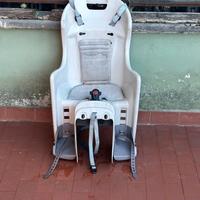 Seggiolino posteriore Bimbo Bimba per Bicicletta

...

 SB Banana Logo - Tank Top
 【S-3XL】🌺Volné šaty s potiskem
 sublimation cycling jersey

**Activity:**
Above are the records; from them, give again exactly the lines from the one containing "šaty s potiskem" to the one containing "sublimation cycling jersey", both lines included, and nothing more.

**Result for this exercise:**
 【S-3XL】🌺Volné šaty s potiskem
 sublimation cycling jersey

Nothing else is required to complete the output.